Die Analysen zur 70%-Limitierung sind hier immer von einer Limitierung der Produktion ausgegangen. Limitieren darf der Verteilnetzbetreiber aber nur die Einspeisung, und Produzenten dürfen immer beliebig viel für den Eigenverbrauch produzieren. Die realistisch zu erwartenden Effekte einer 70%-Einspeise-Limitierung sind deshalb kleiner.
Fazit
PV-Anlagen im Netz von Groupe E produzieren im Durchschnitt 80% der DC-Nennleistung des Modulfeldes. Eine Limitierung der Produktion auf 70% würde die individuellen Produktionsspitzen um durchschnittlich 10% reduzieren, die Jahresproduktion aber nur sehr geringfügig reduzieren. Obwohl der Effekt auf den höheren Spannungsebenen geringer ist, kann eine flächendeckende Einführung einer 70%-Einspeiselimitierung sinnvoll sein. Die 70%-Einspeiselimitierung hat grosse Vorteile bei der Umsetzung. Sie kann bei allen PV-Anlagen identisch eingefordert und einfach implementiert werden und erhöht die Planungssicherheit für den Verteilnetzbetreiber deutlich. Für ein effizientes System mit hohem PV-Anteil müssen aber zwingendermassen auch andere Ansätze zur Einspeisebegrenzung eingeführt werden.
Referenzen
[1] Jan Remund, Michael Schmutz, Marc Perez, Richard Perez, «Firm PV power generation for Switzerland», Report on behalf of Swiss Federal Office of Energy, 2022.

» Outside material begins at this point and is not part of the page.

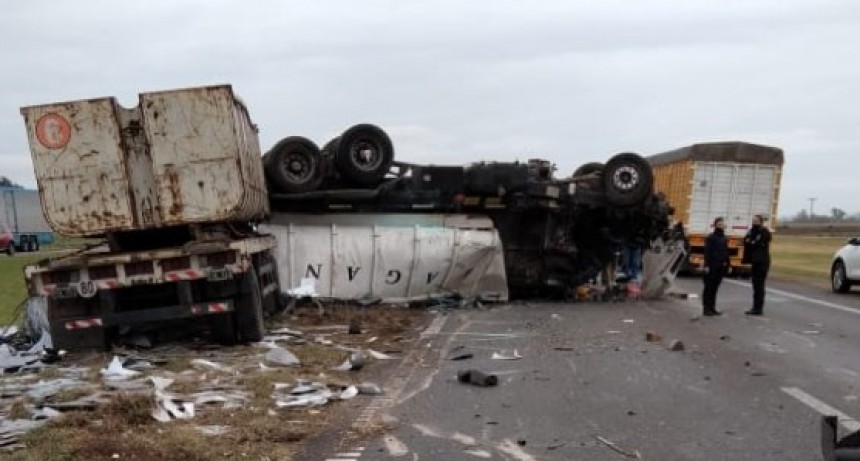 Choque entre dos camiones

[2] Roger Nordmann, Sonne für den Klimaschutz – Ein Solarplan für die Schweiz, Zytglogge, 2019.
[3] Lars Huber, «Leistungsbegrenzung bei PV-Anlagen».
[4] David Joss, Peter Cuony, «PV-Wechselrichter stabilisieren das Netz», Bulletin Electrosuisse 4/2023, p. 14, 2023.
[5] James Brown, «Flexible Exports for solar PV», Final trial report, Arena’s Advancing Renewables Program, 2023.